Com ele foram presas outras 10 pessoas, suspeita de envolvimento na seita religiosa, que estaria envolvida em estelionatos, falsidade ideológica e lavagem de dinheiro. Quatro mulheres e sete homens foram encontrados no bairro Itaguaí, no Rio de Janeiro. Eles foram encaminhados para a 105ª Delegacia de Polícia, no bairro Retiro.

Mesmo com a prisão do líder na década de 1990, a Seita Mundial nunca deixou de funcionar. Seus participantes se mantiveram em atividade e mais tarde se mudaram para Petrópolis, onde forma descobertos em 2013

Em abril do ano passado, a polícia descobriu um sítio localizado no km-74, na rodovia BR-040. Na ocasião, foi cumprido um mandado de busca e apreensão e encontrados documentos e roupas de crianças enterrados no terreno, além de livros de procedimentos cirúrgicos, grande quantidade de ácido glicólico, diversos cartões de crédito, documentos de pessoas jurídicas de fachada e carros de luxo. Não há, segundo a Civil, informação de que os atos de mutilação eram praticados em Petrópolis.

Na ocasião, Donato Brandão chegou a ser preso, investigado pela Polícia Civil carioca por crime de falsidade ideológica. Suspeito, também, de ter participado do sequestro de um dos membros da sua seita, de nome não revelado, ocorrido no dia 3 de abril.

Preso, ele disse à polícia que é proprietário de uma empresa de transportes públicos no estado de São Paulo e residia há três anos em um sítio, localizado às margens da BR­-040, em Petrópolis, em companhia de mais 11 jovens do estado do Maranhão, que se auto­denominam como filhos do criminoso.

Correlata

Seita Mundial no Maranhão

Em 1994, em São Luis (Maranhão), Donato Brandão era o líder da seita chamada “Moderna Unidade Normativa de Desenvolvimento Intelectual da América Latina” (Mundial). O objetivo era o “fomento de desenvolvimento intelectual” e chegou a ter seguidores em outros estados. No entanto, a seita exigia obediência irrestrita e impunha rituais de purificação violentos, como jejuns superiores a sete dias, espancamentos e violência sexual.

A polícia ficou sabendo da existência da seita após três jovens terem a sua genitália mutilada. Eles acreditavam que seria uma purificação e se transformariam em anjos para servir ao “Pai”. Achavam que precisavam da purificação porque haviam quebrado o juramento de não fazer sexo com mulheres. Esse “Pai” tratava-­se de Donato Brandão que, segundo alguns jovens que moravam na casa, mantinha práticas homossexuais com rapazes, alegando que os purificava.

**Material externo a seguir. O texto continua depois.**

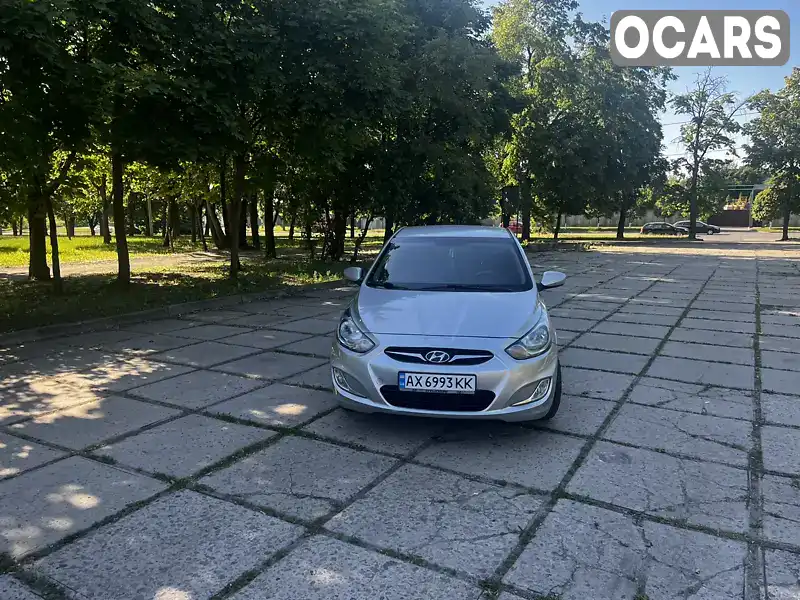 Седан Hyundai Accent 2011 1.4 л. Ручна / Механіка обл. Харківська, Харків - Фото 1/11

Os jovens que ocupavam a casa de Donato Brandão, no bairro Araçagi, acreditavam estar estudando teologia por correspondência ­ o que foi descoberto posteriormente tratar-­se de engodo do líder da seita ­, e tinham que vender cartões e flanelas na rua para entregar o dinheiro ao “Pai”. Caso o valor estipulado não fosse entregue diariamente, o jovem ficaria sem alimento e poderia até ser espancado. Eles entravam na seita depois de assistirem a três dias de palestras proferidas por Donato Brandão.

No último dia de reunião, Donato confidenciava a todos os presentes seu segredo: era o enviado de Deus. Os jovens, em sua maioria desempregados e com problemas familiares, ficavam maravilhados com a possibilidade de servir ao “Pai” e passavam a morar com ele, cumprindo à risca todas as regras da seita Mundial, que encobria o Brandanismo, verdadeira lei de Donato Brandão.